Reputation: 8727
I have a task to extract the inner html text from an html link with Perl.
Here is an example,
<a href="www.stackoverflow.com">Regex Question</a>
I want to extract the string: Regex Question
Note that, the inner text might be empty like this. This example get an empty string.
<a href="www.stackoverflow.com"></a>
and the inner text might be enclosed with multiple tags like this.
<a href="www.stackoverflow.com"><b><h2>Regex Question</h2></b></a>
I have tried to write a Perl regex for a while, but no success. especially, I don't know how to deal with multiple tags.
Upvotes: 1
Views: 352
Reputation: 26667
How about something like
(?<=>)[^<>\/]*(?=<\/)
will match the string: Regex Question
example: http://regex101.com/r/sG4bZ1/1
Upvotes: 0
Reputation: 35198
Use an HTML Parser for parsing HTML.
I suggest you take a look at Mojo::DOM
, and Mojo::UserAgent
if you need to download the content from the web.
The following will pull all the links with the href containing stackoverflow.com and display the text inside:
use strict;
use warnings;
use Mojo::DOM;
use Data::Dump;
my $dom = Mojo::DOM->new(do {local $/; <DATA>});
for my $link ($dom->find('a[href*="stackoverflow.com"]')->each) {
dd $link->all_text;
}
__DATA__
<html>
<body>
<a href="www.stackoverflow.com">Regex Question</a>
I want to extract the string: Regex Question
<a href="www.notme.com">Don't want this link</a>
Note that, the inner text might be empty like this. This example get an empty string.

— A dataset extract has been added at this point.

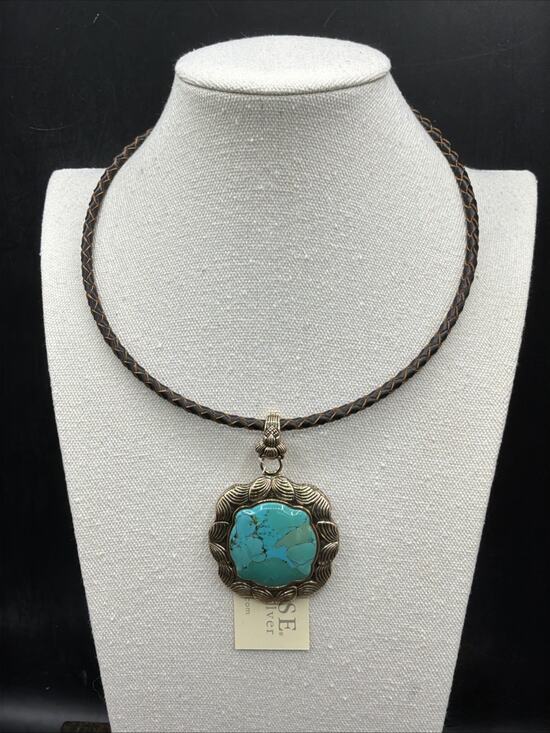 Barse Jewelry - Barse Fritillary Enhancer Necklace- Turquoise- Leather- Bronze- NWT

<a href="www.stackoverflow.com"></a>
and the inner text might be enclosed with multiple tags like this.
<a href="www.stackoverflow.com"><b><h2>Regex Question with tags</h2></b></a>
</body>
</html>
Outputs:
"Regex Question"
""
"Regex Question with tags"
For a helpful 8 minute introductory video, check out Mojocast Episode 5.
Upvotes: 3
Reputation: 21666
Parsing HTML through Regex is a bad idea, you're not Chuck Norris. You can use Mojo::DOM module which will make your task very easy.
A sample:
use Mojo::DOM;
# Parse
my $dom = Mojo::DOM->new('<a href="www.stackoverflow.com"><b><h2>Regex Question</h2></b></a>');
# Find
say $dom->at('a')->text;
say $dom->find('a')->text;
To install Mojo::DOM just type the below command
$ cpan Mojo::DOM
Upvotes: 1
Reputation: 67968
<a[^>]*>(?:<[^>]*>)*([^<>]*)(?:<[^>]*>)*<\/a>
Try this.See demo.Grab the capture or match.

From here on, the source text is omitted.